Copy out, unchanged, the entries below from the "Conjunto de 4 Esculturas Decorativas de Astronauta Conjunto" line to the final line. Omit pictures.
*** EXERCISE DATA ***
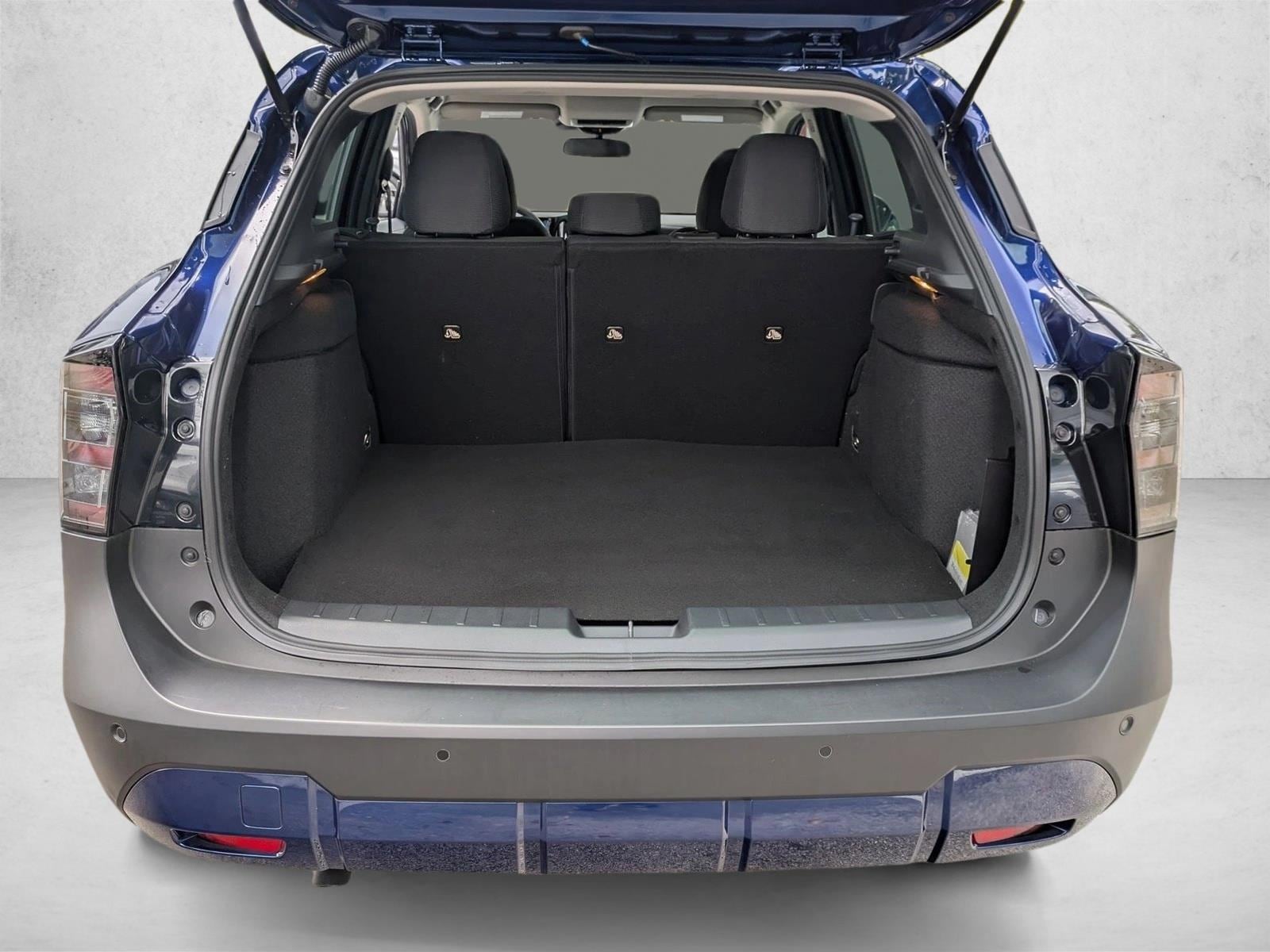 2025 Nissan Kicks S AWD - Photo 6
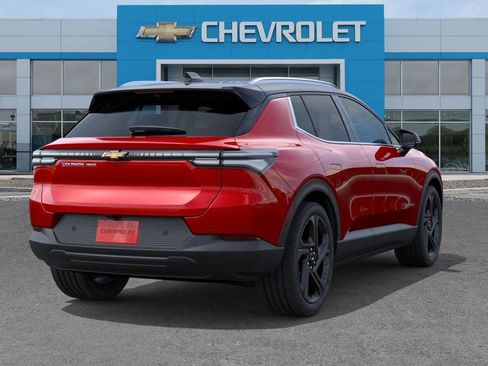 New 2026 Chevrolet Equinox EV LT image 8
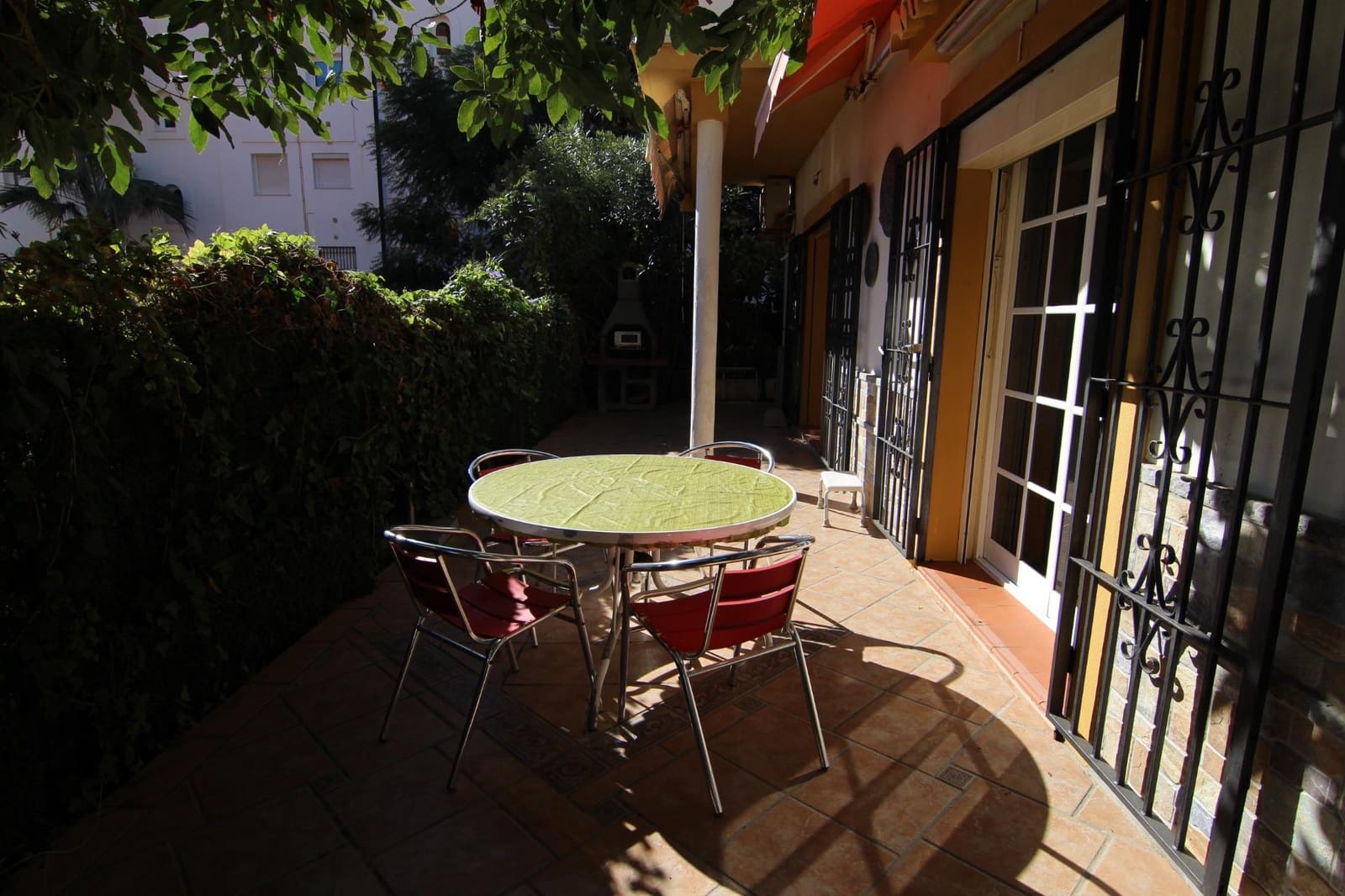 2 makuuhuone Huvila myytävänä paikassa Torremolinos mukana 
autotalli - 635 000 € (Ref: 9656923)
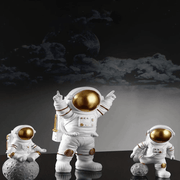 Conjunto de 4 Esculturas Decorativas de Astronauta Conjunto de 4 Esculturas Decorativas de Astronauta Bellaffina 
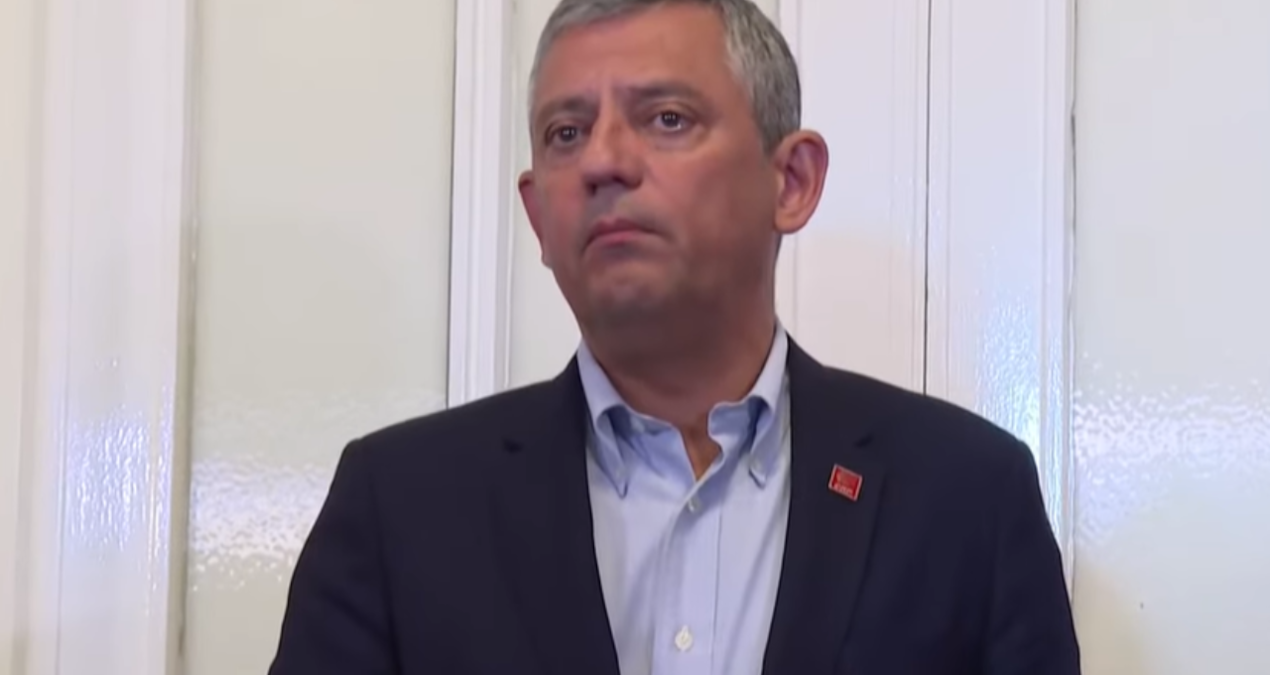 Özgür Özel'i duygulandıran anlar... Sesi titredi, gözleri doldu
*** End of EXERCISE DATA ***
**RESPONSE AREA:**
 Conjunto de 4 Esculturas Decorativas de Astronauta Conjunto de 4 Esculturas Decorativas de Astronauta Bellaffina 
 Özgür Özel'i duygulandıran anlar... Sesi titredi, gözleri doldu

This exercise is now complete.